Wells Fargo
The sign outside the Wells Fargo & Co bank in downtown Denver Rick Wilking/ Reuters

Wells Fargo accidentally leaked thousands of sensitive documents of 50,000 clients to a former financial adviser who subpoenaed the bank as part of a defamation lawsuit against a bank employee. The New York Times reported on Friday (21 July) that Wells Fargo's lawyer inadvertently sent 1.4GB worth of files to former Wells Fargo employee Gary Sinderbrand's lawyer in a CD that contained troves of spreadsheets with customers' names, Social Security numbers, financial details such as the size of their investment portfolios and fees charged by the bank.
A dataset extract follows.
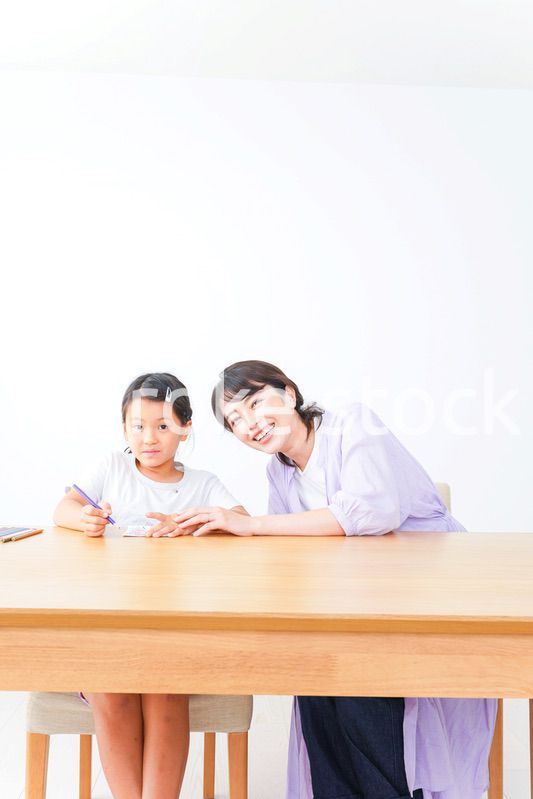 お家でお母さんとお勉強する女の子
"Most are customers of Wells Fargo Advisers, the arm of the bank that caters to high-net-worth investors," NYT reported. "In all, Mr Sinderbrand said, these clients have tens of billions of dollars invested through Wells Fargo, all laid out in vivid detail for him as part of the discovery process in his lawsuit."
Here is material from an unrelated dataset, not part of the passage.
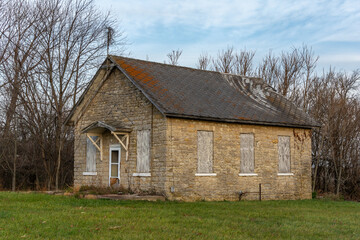 Fototapeta na wymiar Old abandoned stone one room schoolhouse in the morning light. Trivoli, Illinois.
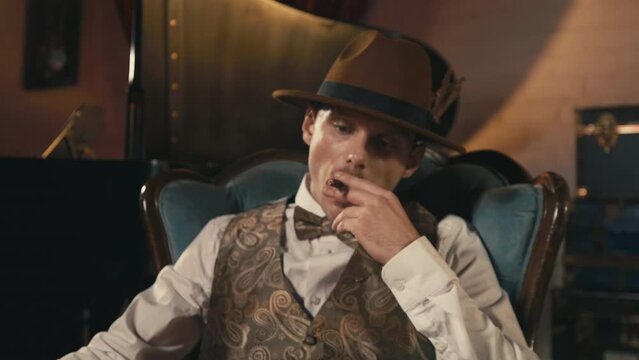 Close up shot of young confident man with mustache, in classy dandy style hat and elegant gentlemen outfit. Guy smoking cigar and starting funk style dance in studio with art deco victorian interior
The documents requested from Wells Fargo as part of the defamation lawsuit were supposed to be select emails and documents related to the case.
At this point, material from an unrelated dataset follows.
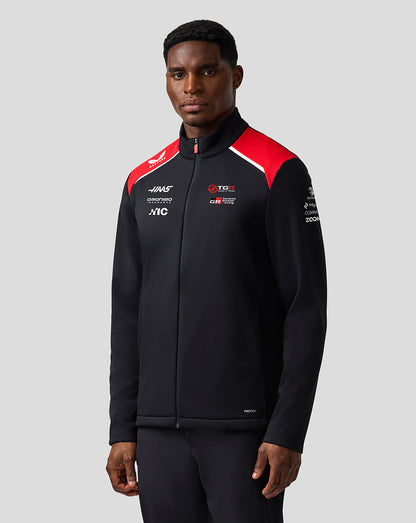 Person wearing a black jacket with red and white accents on a gray background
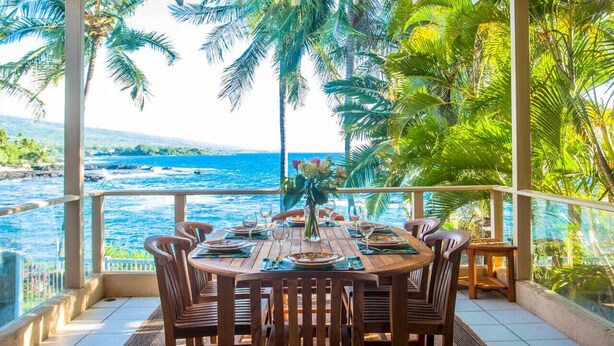 A dining area with a table set for four, overlooking a coastal view with palm trees and the ocean. - Oceanfront Luxury at Alii Point | Private Pool, Panoramic Views & Tropical Serenity (Kailua-Kona)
Angela A Turiano, the lawyer who sent him the files on a CD, said the "inadvertent" disclosure was caused due to working with an outside vendor that was supposed to screen the documents and only pass on those relevant to Sinderbrand's case.

"We went through a long process of a very large email review with an outside vendor with instructions on exclusion which was spot checked. Clearly there was some type of vendor error — which I am confirming now," Turiano wrote in an email to Sinderbrand's lawyer, NYT reported. "Obviously this was done in error and we would request that you return the CD asap so that it can be properly redacted."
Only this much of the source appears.